On Sunday I gave my very first workshop on the Disruptor. The aim was to give people some hands-on coding experience using the syntax. Because time was limited (you can't get people to build an entire application architecture in 2.5 hours) the example is somewhat contrived, and needs a big leap to make it into a proper application context. But the workshop should:
The "User's Guide to the Disruptor" presentation I gave at QCon London is now available on the InfoQ site. This is the same presentation as the one I gave at Skillsmatter in March, but the questions are different. Plus since I'm winging it every time, I probably cover slightly different things or explain some stuff better / worse.
I was flattered to be interviewed for InfoQ at QCon London. It was a fun interview actually, and didn't feel anything like the half an hour it actually took. In it, I get to talk about Agile at LMAX, the Disruptor (of course) and diversity in IT (again).
Here's a video of my Open Conference session on the business benefits of open sourcing your software. Given that the conference was at a weekend and had a very intimate feel, I think I was a teeny bit more honest than I usually am. Enjoy.

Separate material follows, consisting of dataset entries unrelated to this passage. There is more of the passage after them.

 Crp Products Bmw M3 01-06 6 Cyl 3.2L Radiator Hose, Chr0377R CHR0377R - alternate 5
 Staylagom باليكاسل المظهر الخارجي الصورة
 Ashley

This month's Java Magazine features an article by yours truly, which is yet another intro to the Disruptor. It's basically a summary of the stuff I've written in this blog, updated for version 2.7 - so the names of the classes should be up to date and the responsibilities follow the simplified pattern we use now. If you were looking for an more recent version of my introduction blog posts, this article gives a reasonable overview.
This is intended as part one of a series, as it's a basic and high-level view with no code examples. In fact, it probably could be used to document the C# version as well as the Java version, although I haven't taken a look at that for a while. Next, I would like to give some more code examples of how you use it - as always, any suggestions welcome.

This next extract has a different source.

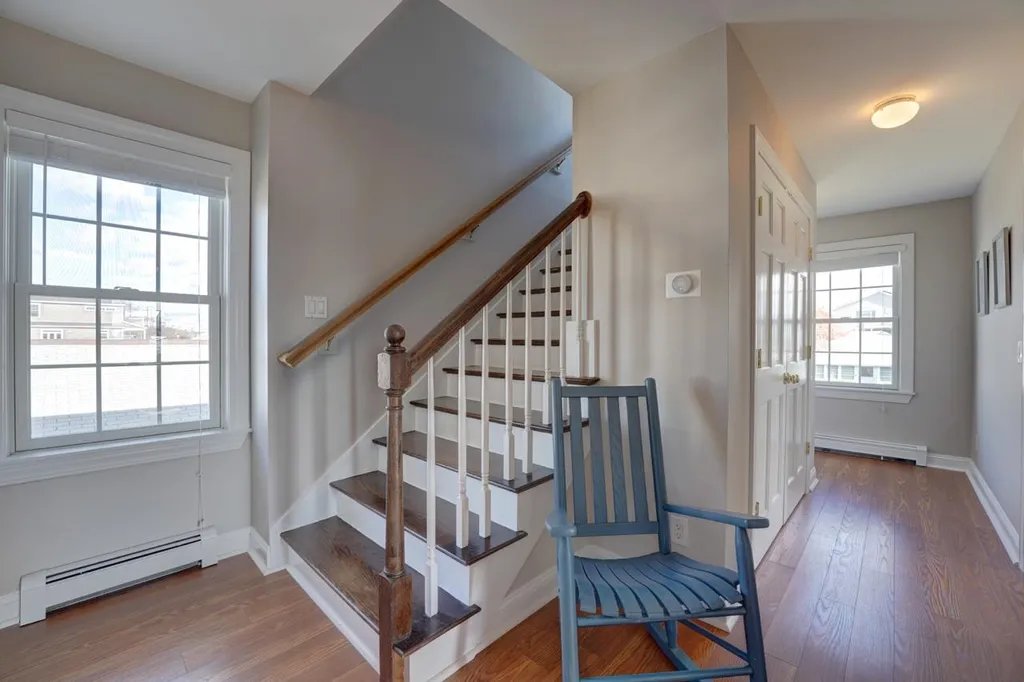 7 Pearl Street Hampton NH 03842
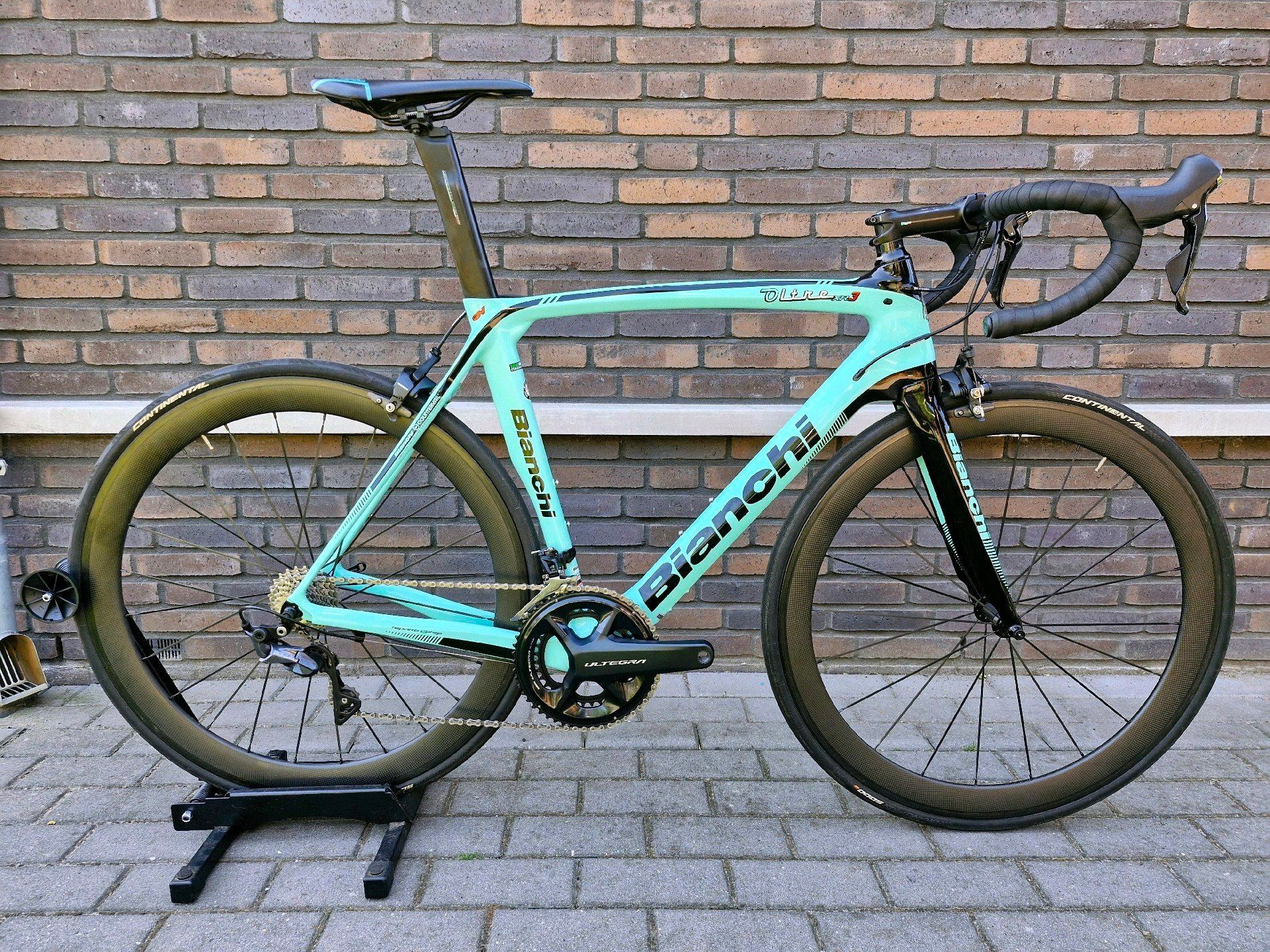 5653a701-5e9e-468d-b7ab-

A few weeks ago, I presented my new "User's Guide to the Disruptor" talk to the London Java Community. Since it was very kindly hosted at Skillsmatter, there is a video of the presentation available, and the slides are below.

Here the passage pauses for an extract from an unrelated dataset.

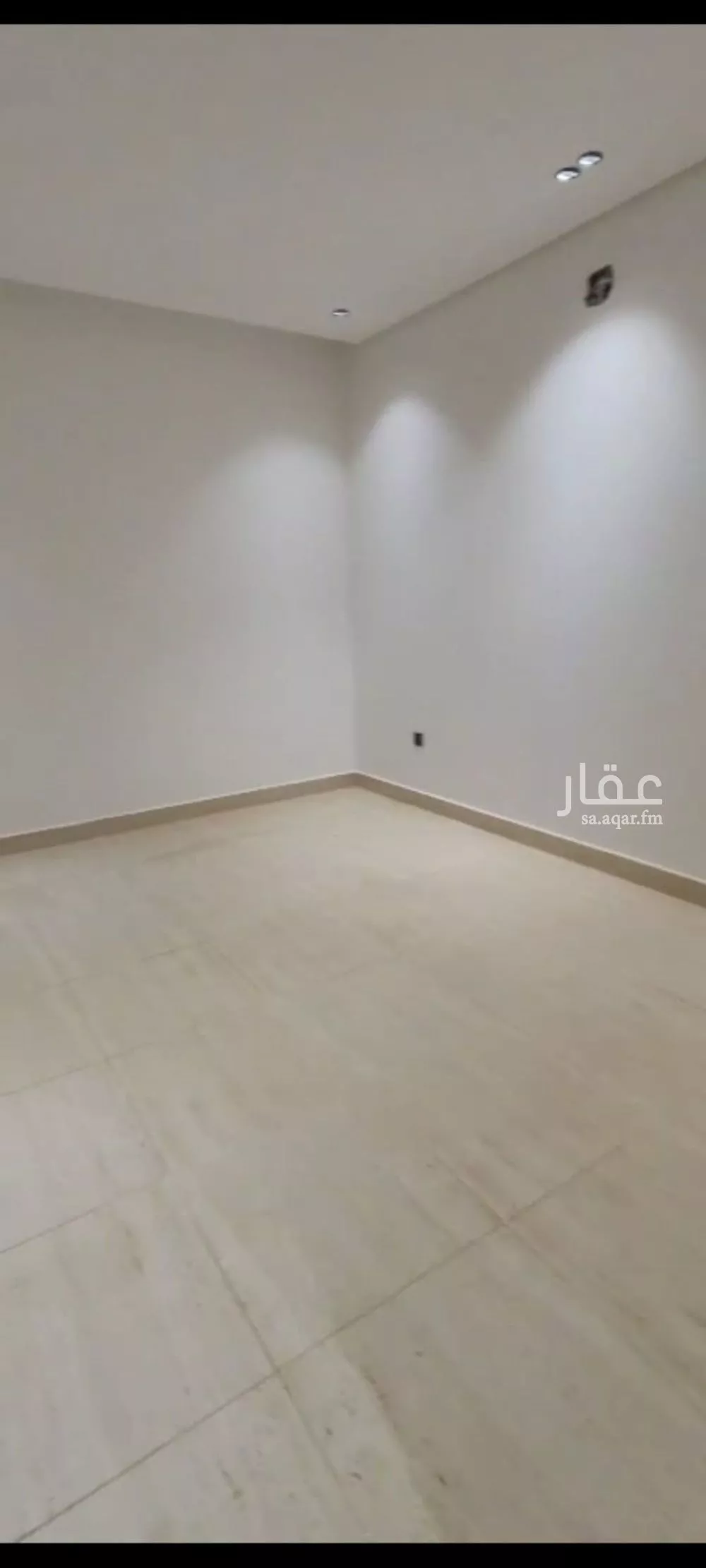 دور 5 غرف في الشرق 10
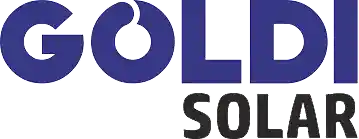 goldi solar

In theory, I am busy writing material for my upcoming speaking events, rather than writing terribly illuminating posts on my blog (see what I did there?). In actuality I am being lazy and have pretty much taken January off for a recharge.
In the spirit of doing something which ticks both the event-speaking and blogging boxes, this is a quick update on the conferences I'm confirmed for so far. Put the following dates in your diary - these are my first international solo speaking events:
7th March - QCon London - Concurrent Programming Using The Disruptor (sadly I can't stay for the whole conference as it clashes with the only holiday I had booked for 2012).
23rd May - GOTO Copenhagen - Concurrent Programming Using The Disruptor & War Stories.
25-26th May - GOTO Amsterdam - Concurrent Programming Using The Disruptor.
The presentation will be more of a user's guide to the Disruptor than anything we've done before. An hour isn't a lot of time to cover all the functionality everyone might want to see, so I'm still trying to work out the balance between giving an introduction/overview for those who haven't seen it before, and going into some of the cool features that have been added since I first started blogging about it. If there's anything you would particularly like to see covered, let me know - I'll put the most frequently requested things in there.
Ideally I'd run a workshop session at some point, but that will require quite a lot more preparation, so I'll only do that if there is interest in it (if someone wants to fly me somewhere interesting to do that so much the better!!).
Maybe I'll see you at one of these events?
At JAX London Mike and I presented "Understanding the Disruptor - A Beginner's Guide to Hardcore Concurrency".
This is the session we initially previewed to the
London Java Community a few weeks earlier. The content is the same, but the feel of the presentation was quite different to us - the
venue for the LJC event was more intimate, and it was easier to interact with the audience. At JAX, we were up on stage,
which was pretty cool actually, but meant that it felt more like a lecture and it was less easy to connect with the audience.